PROMPT – Stop at the line containing "Used 2021 Jeep": write out every line from the beginning of the entries up to and including it, minus the pictures.

Short descriptive text snippets:
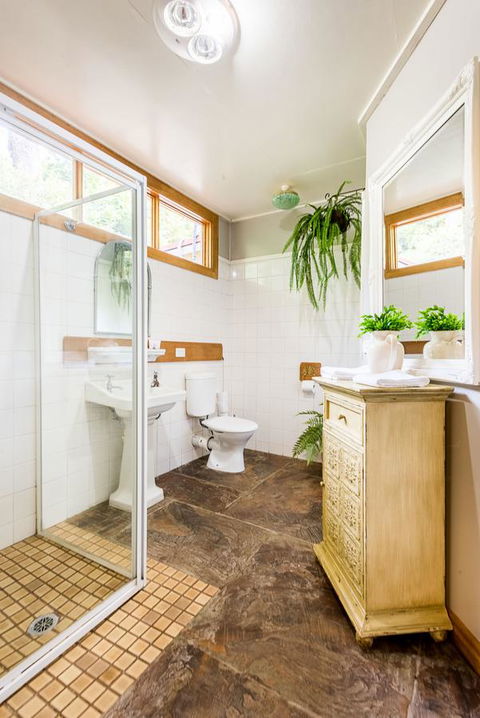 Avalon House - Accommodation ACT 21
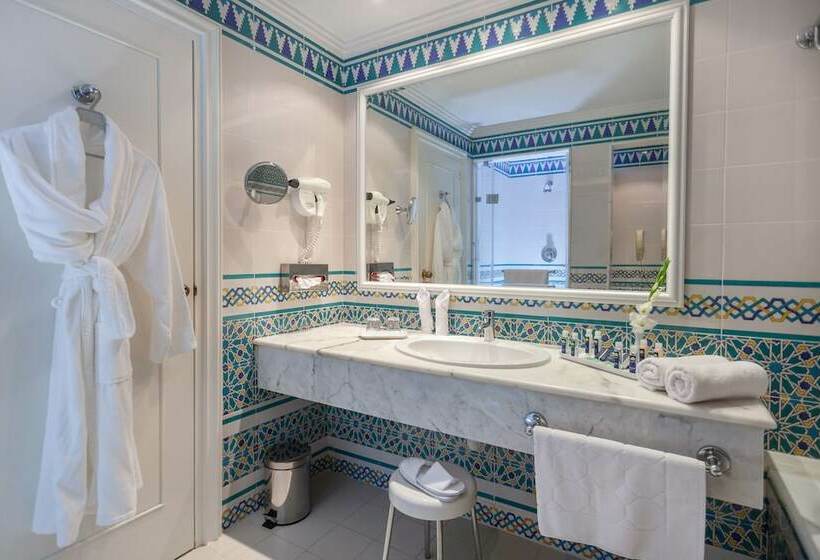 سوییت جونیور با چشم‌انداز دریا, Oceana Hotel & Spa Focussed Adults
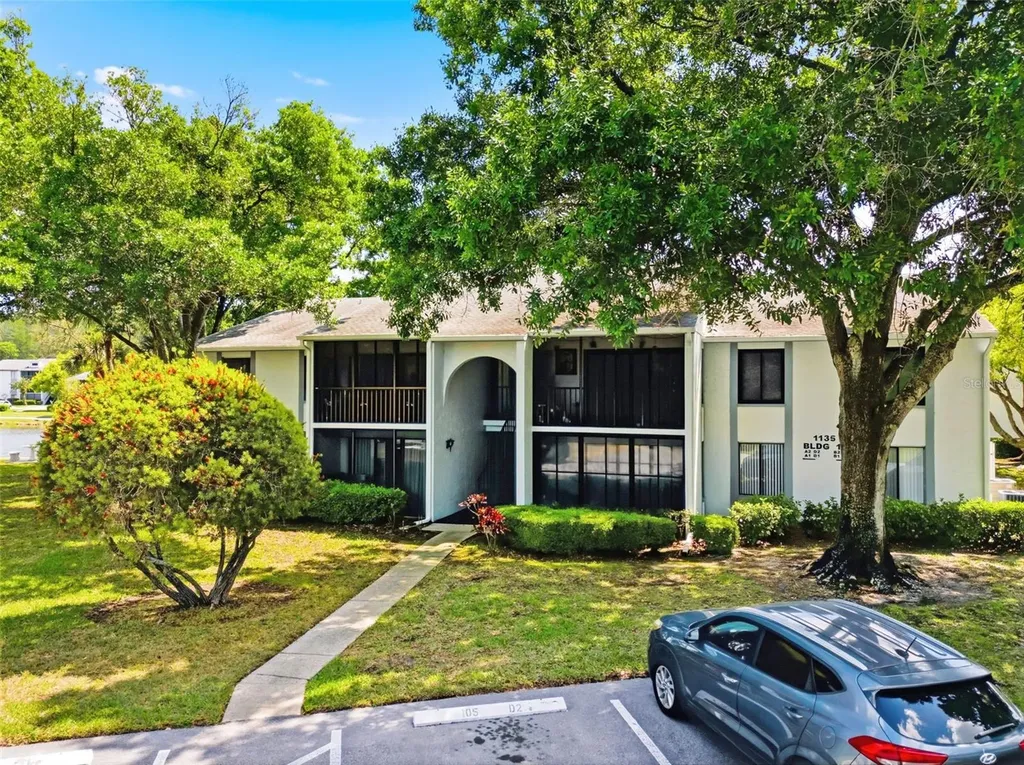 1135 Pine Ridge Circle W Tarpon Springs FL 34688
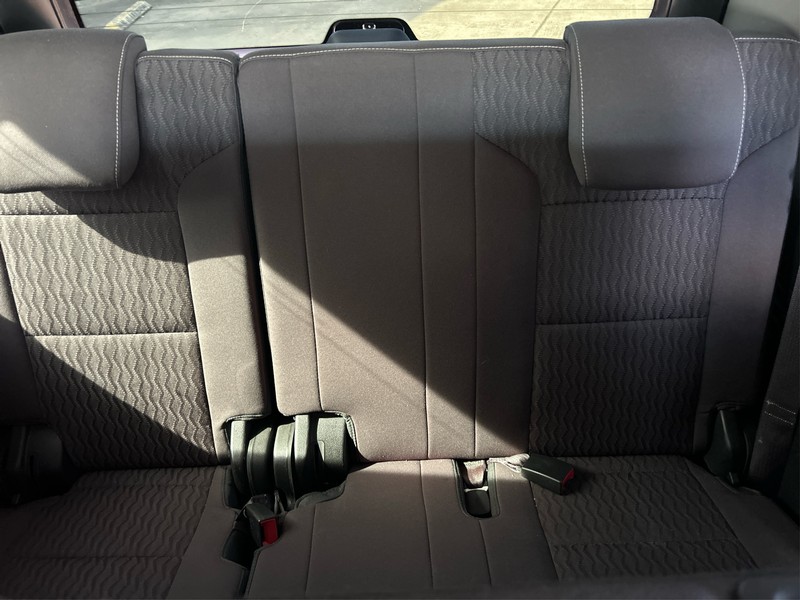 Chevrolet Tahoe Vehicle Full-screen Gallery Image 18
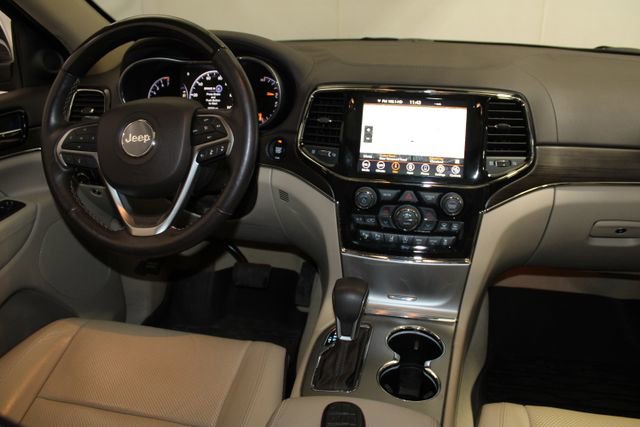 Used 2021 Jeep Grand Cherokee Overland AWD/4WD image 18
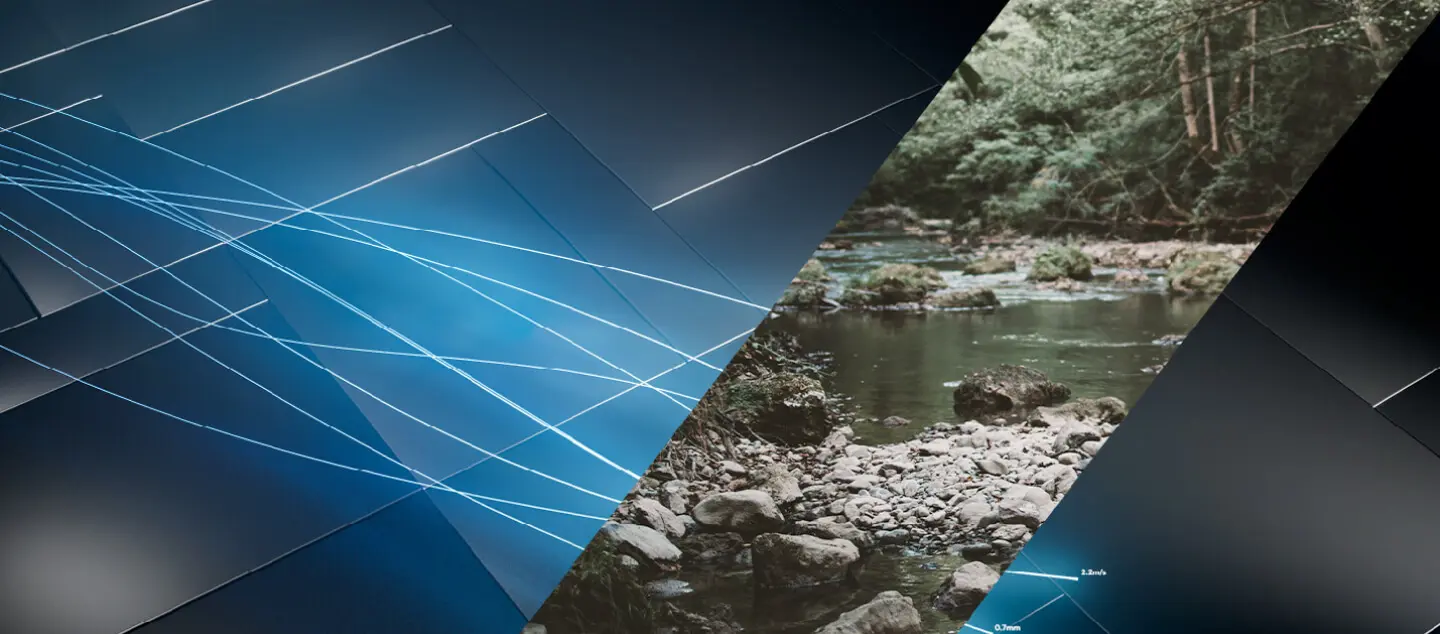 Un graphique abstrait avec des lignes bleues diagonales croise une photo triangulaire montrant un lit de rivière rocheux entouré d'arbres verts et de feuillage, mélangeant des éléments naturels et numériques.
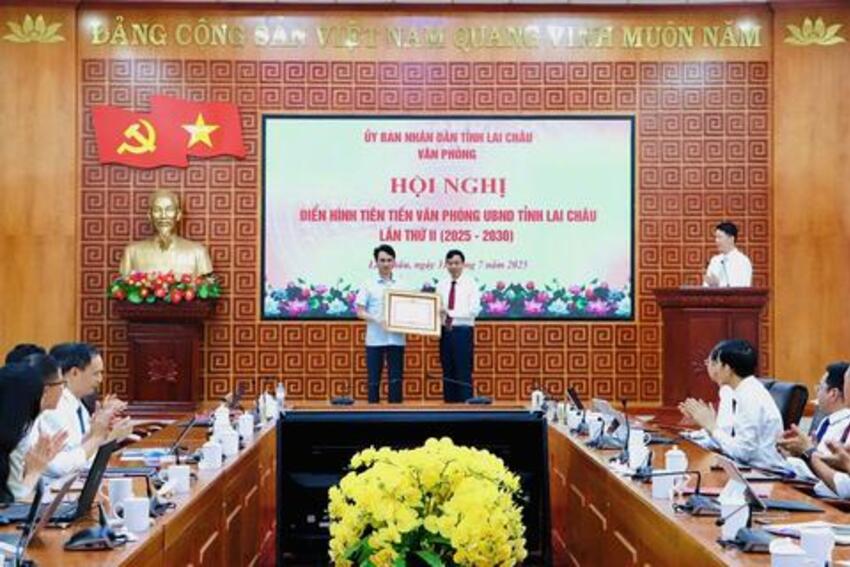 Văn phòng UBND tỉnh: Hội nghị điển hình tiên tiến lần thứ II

ANSWER BELOW –
 Avalon House - Accommodation ACT 21
 سوییت جونیور با چشم‌انداز دریا, Oceana Hotel & Spa Focussed Adults
 1135 Pine Ridge Circle W Tarpon Springs FL 34688
 Chevrolet Tahoe Vehicle Full-screen Gallery Image 18
 Used 2021 Jeep Grand Cherokee Overland AWD/4WD image 18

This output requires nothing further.